50 years is plenty of time to recount a career and one of a Hall of Famer's crowning moments on a baseball diamond. There are books, articles, a whole museum in Lawrenceville. The 2010 film Chasing 3000 is a fictional road trip movie where driving across country to watch Clemente go for his legendary hit is the inspiration for the trek.
To put it succinctly, a lot of ground has already been covered.
"Every year there’s a documentary, there’s a film, there’s a playground named after him, a park," Steve Blass said. "He’s unique in that way.”
It's why the events of that September are so well-known, even if the announced attendance at Three Rivers was just 13,117 that afternoon. Even if it wasn't the top story of every local newspaper's sports page. Even if he almost had the 3,000th hit the night before. For a figure as beloved now in Pittsburgh as Clemente, those periphery stories get swapped amongst Pirate fans.
Stories are what makes a player or person into an icon.
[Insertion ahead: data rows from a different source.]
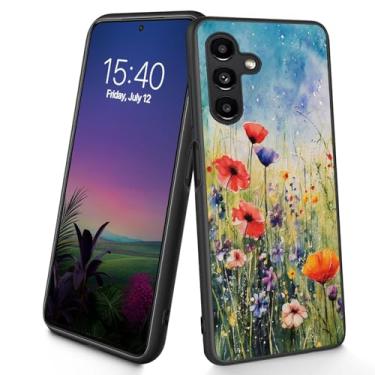 Imagem de Bxgolkgd Projetada para Galaxy A17 5G, capa protetora antiderrapante de silicone TPU macio e fino à prova de choque para Samsung Galaxy A17 5G 2025 de 6,7 polegadas - flor de planta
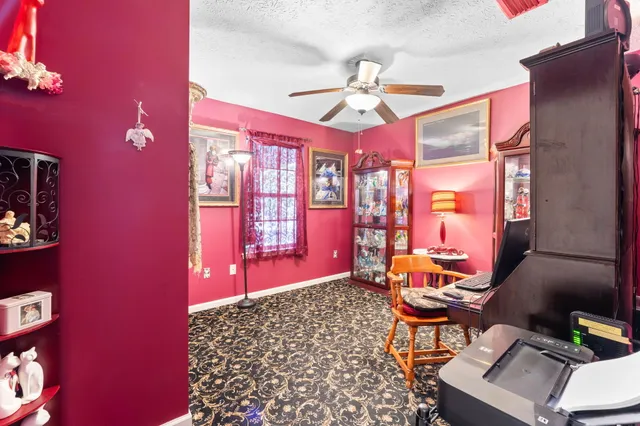 a room with musical instruments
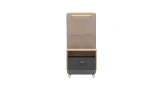 Lime Nightstand with headboard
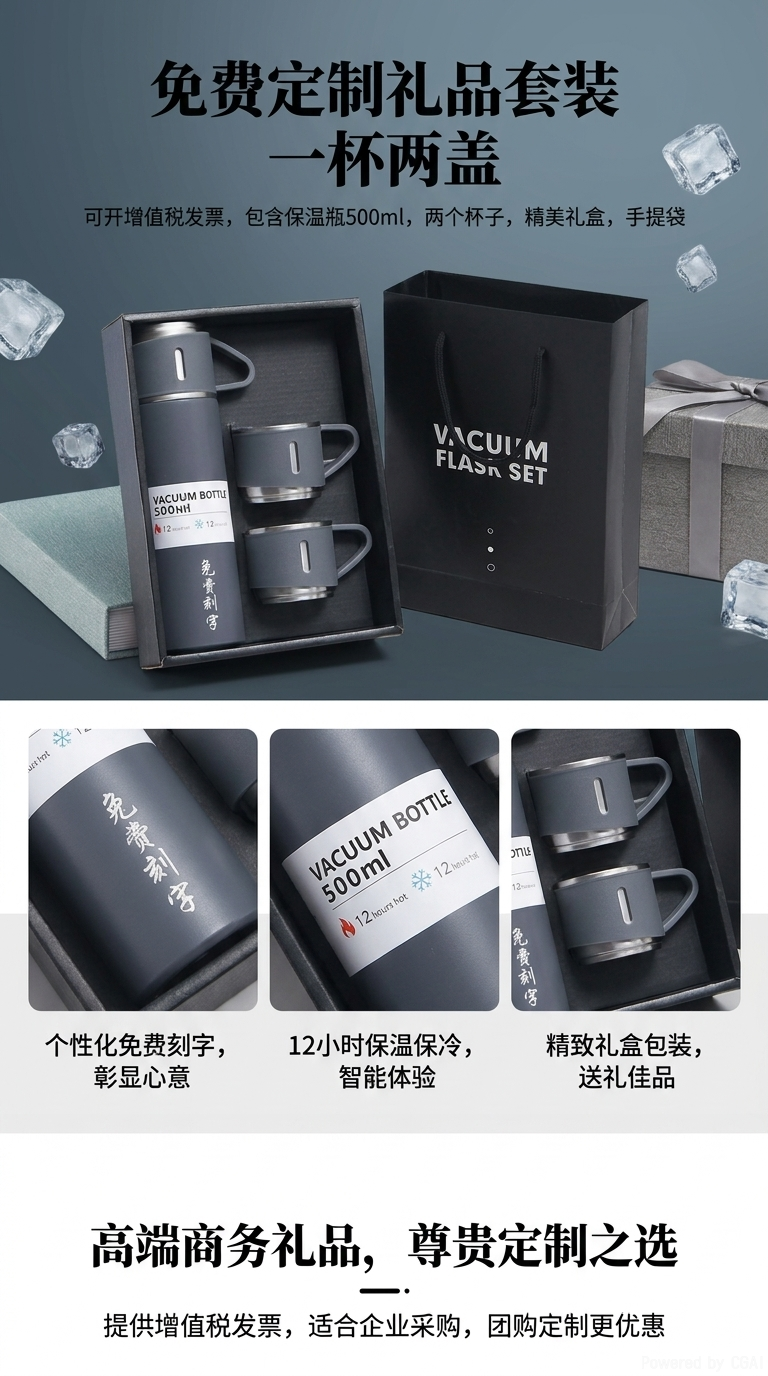 创意礼品套装新款饰品拼豆流沙入油玩具亚克力KT猫保温杯礼盒套装详情1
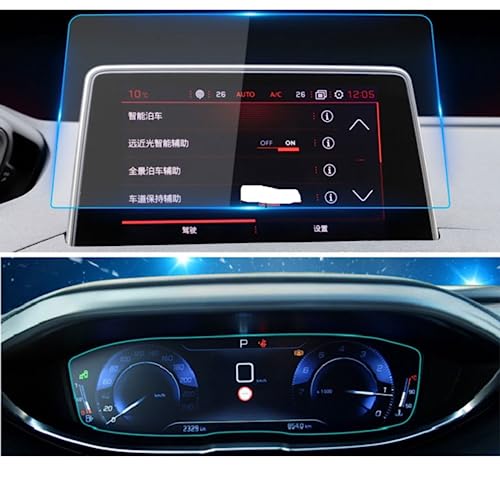 Film tactile de navigation pour Peugeot 3008 protégeant l'écran des voyages en famille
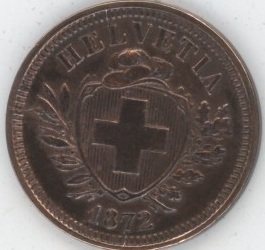 1 Centime 1872 (vz)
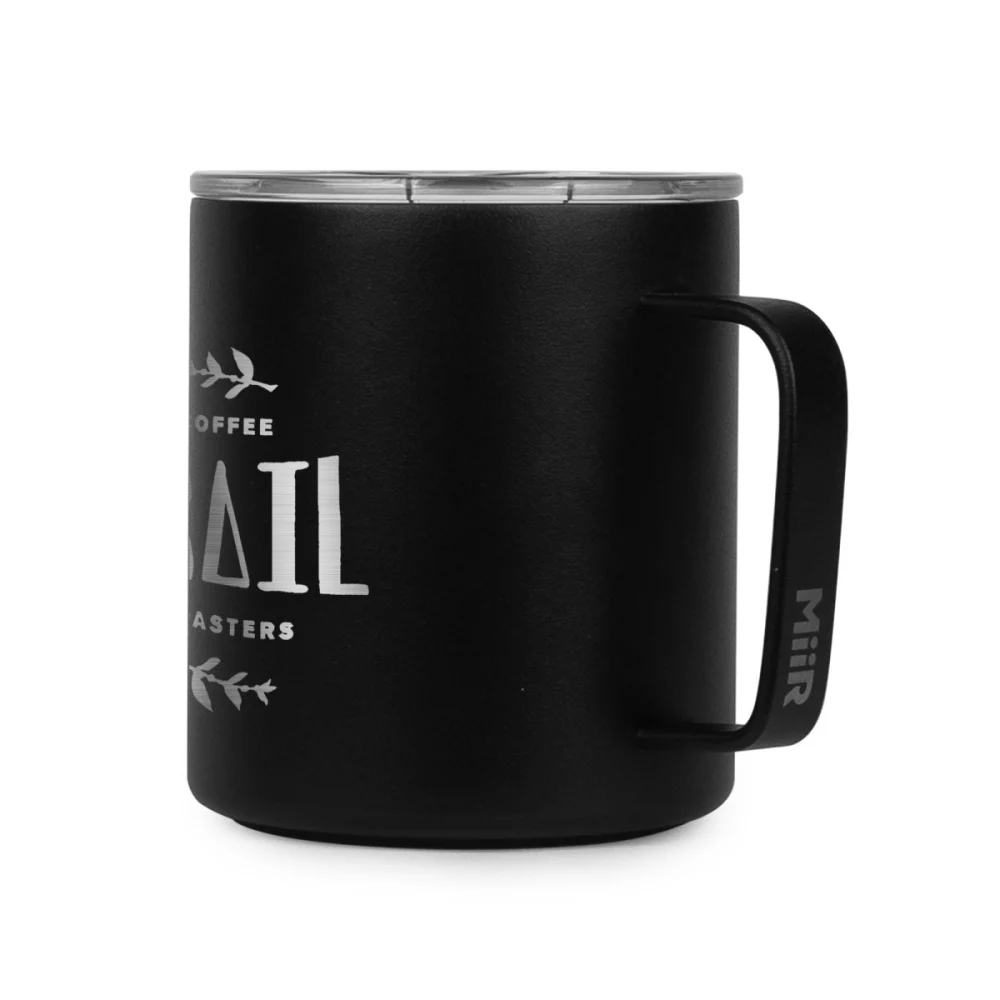 Tasse de camping isolée sous vide MiiR® - 12 oz. - Poudre noire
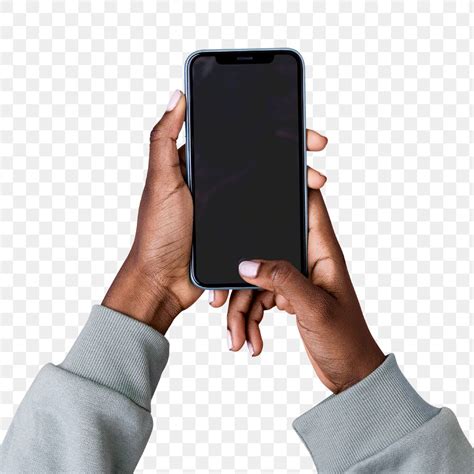 Hands Holding Smartphone Transparent Png Premium Png Sticker Rawpixel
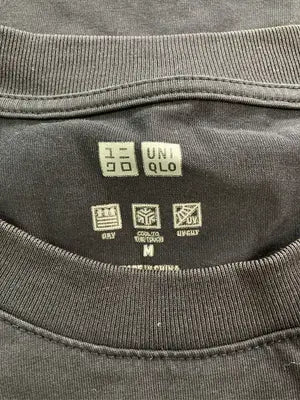 UNIQLO/ユニクロ/Tシャツ/カットソー/トップス/ブラック/M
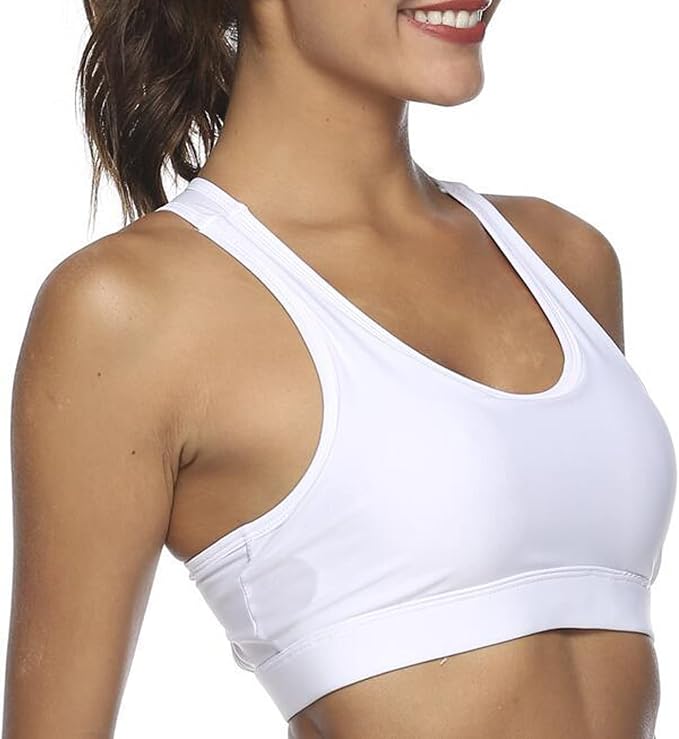 Racerback Sports Bra with Back Phone Pocket
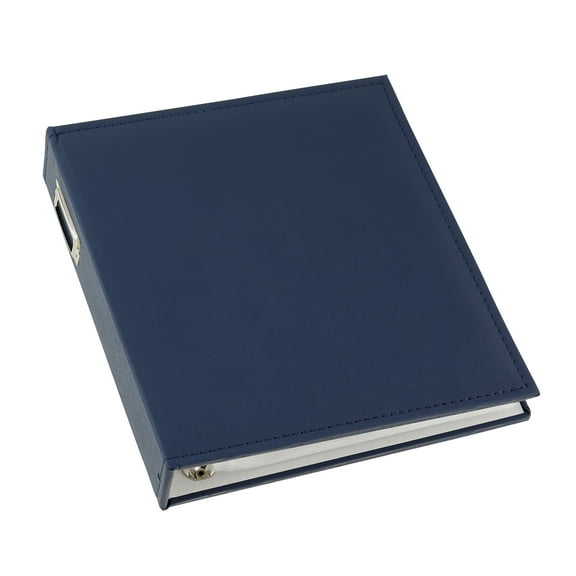 Recollections Navy D-Ring Scrapbook Album, 8 Pack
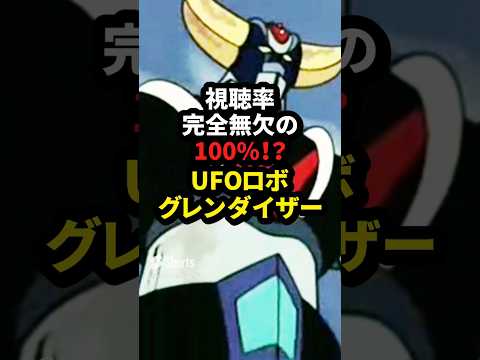 視聴率完全無欠の100%！？ UFOロボ グレンダイザー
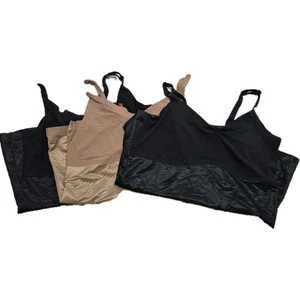SPANX Damen 10259R schwarz beige unsichtbar formendes Trägertop Menge 3 - Bild 1 von 16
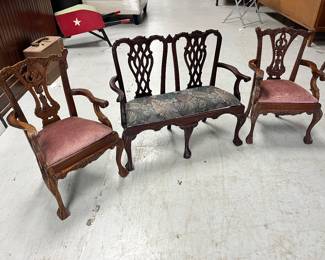 Childs Couch 2 Chairs
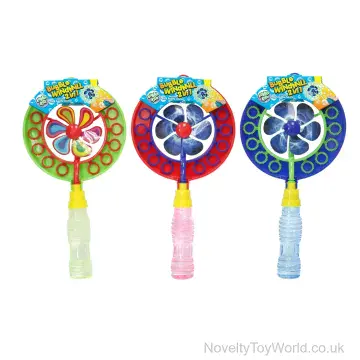 Windmill Bubble Wand With 80ml Bubble Solution (35cm)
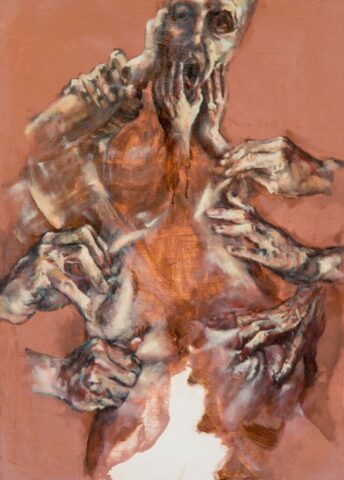Peinture contemporaine par Mathilde du Mesnildot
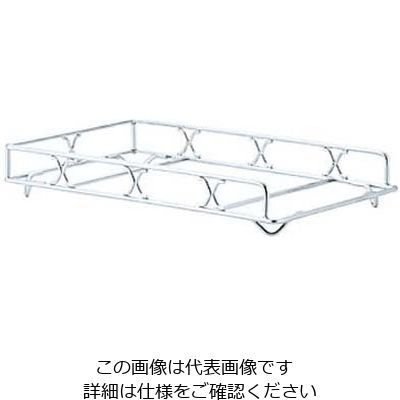 和田助製作所 電気ビュッフェウォーマー用ワイヤースタンド ステンレス 63-7158-57 1個（直送品）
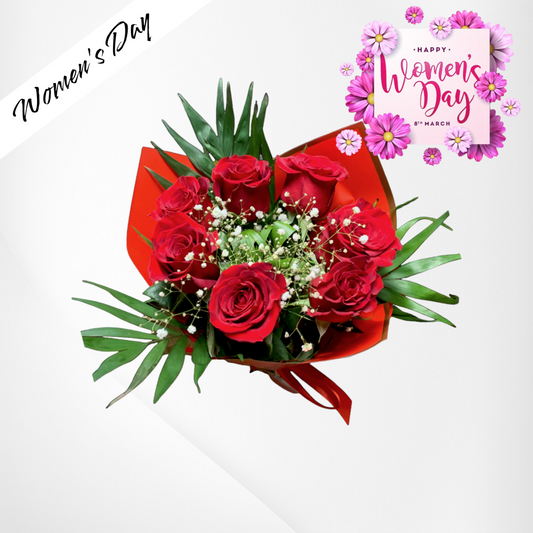 Bouquet Simple 7 Roses Floraria Irinuca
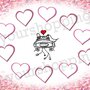 Tableau Mariage tema cuori love matrimonio 100x70 forex 5mm segnatavolo in omaggio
Even though he collected 3,000 hits, a dozen Gold Gloves, multiple World Series rings and just about every individual accomplishment one can achieve on the diamond over an 18-year career in Pittsburgh, the legacy of Clemente is almost always as a humanitarian and a ballplayer, if not just the former. Friday is a rare day where he is recognized and celebrated as a player first.
"It's a special day," Roberto Clemente Jr. said before embarking on a trip to St. Louis to attend the Pirates-Cardinals game on the anniversary. "I can’t believe it’s been half a century and his legacy is that strong."
____________________
MORRIS BERMAN / GETTY
Roberto Clemente talks to the media after getting his 3,000th hit.
Going into 1972, the prospect of Clemente reaching the 3,000 hit plateau was more or less a given in the clubhouse. He entered that year just 118 hits away. Oliver thought he would reach that with plenty of time to spare.
“People weren’t speculating he was going to get 3,000," Bob Smizik, the Pirates beat reporter for The Pittsburgh Press, told me. "It was a pretty certain deal.”
The rest of the league seemed to agree. In an interview with Richie Ashburn during the 1971 All-Star Game, Clemente was asked about getting No. 3,000 the following year.
"You never know because God tells you how long you’re going to be here," Clemente responded after a moment to collect his thoughts. "So you never know what can happen tomorrow.”
“It was kind of prophetic that he would say that," Oliver said.
Clemente of course reached the hit mark, but nobody expected it to happen in late September. The first few games of the season were lost to a player strike. An ankle injury would limit him to just one start from July 10 to Aug. 21. Going into that final month, Clemente was 30 hits away from the milestone. He recorded a .333 batting average over the final month of his career to reach the mark, a feat few hitters could accomplish at age 38 coming off of injury.
“The man upstairs wasn’t going to allow him not to get 3,000 hits," Oliver said.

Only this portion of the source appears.